Frequent notification from our Elasticsearch cluster

Lately we have been having this email notification from our Elasticsearch cluster:

[ph-prodr-02] [msgstoreadt-202204][0] unexpected failure while failing shard [shard id [[msgstoreadt-202204][0]],
allocation id [9Cj26sLdRp2sRuc0YW1Hhw],
primary term [1],
message [failed to perform indices:data/write/bulk[s] on replica [msgstoreadt-202204][0],
node[E3qewJBuSXKCfqIfrra-UA],
[R], s[STARTED],
a[id=9Cj26sLdRpeaRuc0YW1Hhw]],
failure [RemoteTransportException[[ph-prodr-01][10.10.10.90:9300][indices:data/write/bulk[s][r]]];
nested: IllegalStateException[[msgstoreadt-202204][0] operation primary term [1] is too old

Please any idea as to why and possible measures to take to resolve this. Thanks for your help.

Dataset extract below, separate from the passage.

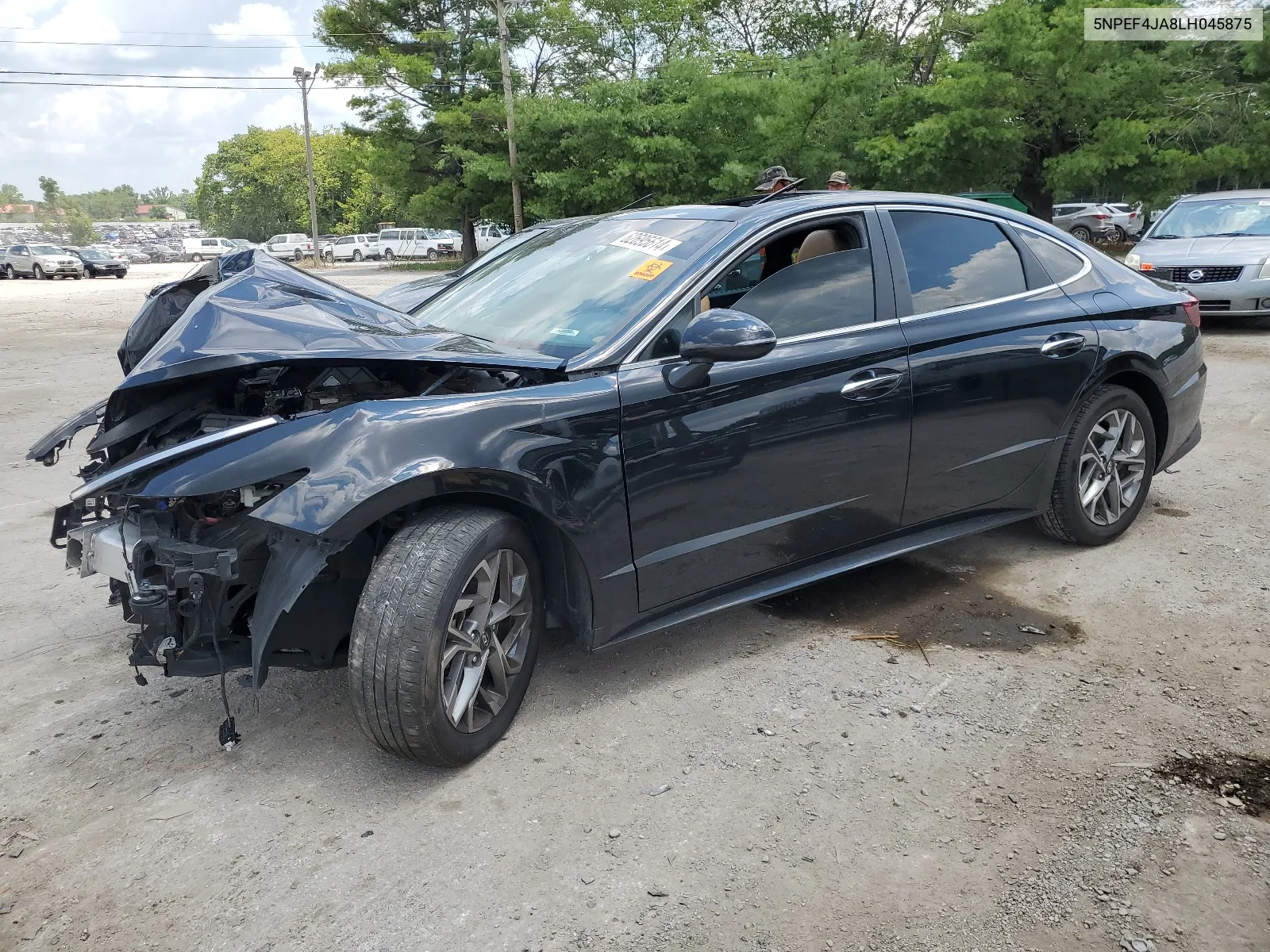 2020 Hyundai Sonata Sel VIN: 5NPEF4JA8LH045875 Lot: 62695614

Wait, how is this different from Unexpected error while indexing monitoring document - #5 by AlbertAtRor?

Hi Simone, sorry looks like I posted the wrong error. I just updated that. Thanks for reviewing.

I keep getting all these different email notifications periodically though, but the cluster stays up and running with all the indices just ok. not sure what is going on

Have you seen this?

I just found a similar log like the one on the link you just shared. Not sure. but our current installed version for elasticsearch is 7.11.2. about to upgrade to 7.17.0.
Here is the log: {“type”: “server”, “timestamp”: “2022-04-11T04:36:46,502-07:00”,
“level”: “WARN”,
“component”: “o.e.m.j.JvmGcMonitorService”,
“cluster.name”: “ASSide-Datastore”,
“node.name”: “dr-prodr-01”,
“message”: “[gc][1448110] overhead,
spent [511ms] collecting in the last [1s]”,
“cluster.uuid”: “Lt5E-i_eSRCyWahWdAV6RA”,
“node.id”: “OkALb75JT8K3CDQQq4zGLw” }

You should investigate on the garbage collection side: it’s possible that some node pauses very long times trying to free up memory. As a result it gets shunned by the cluster. Maybe your ES nodes memory is underprovisioned?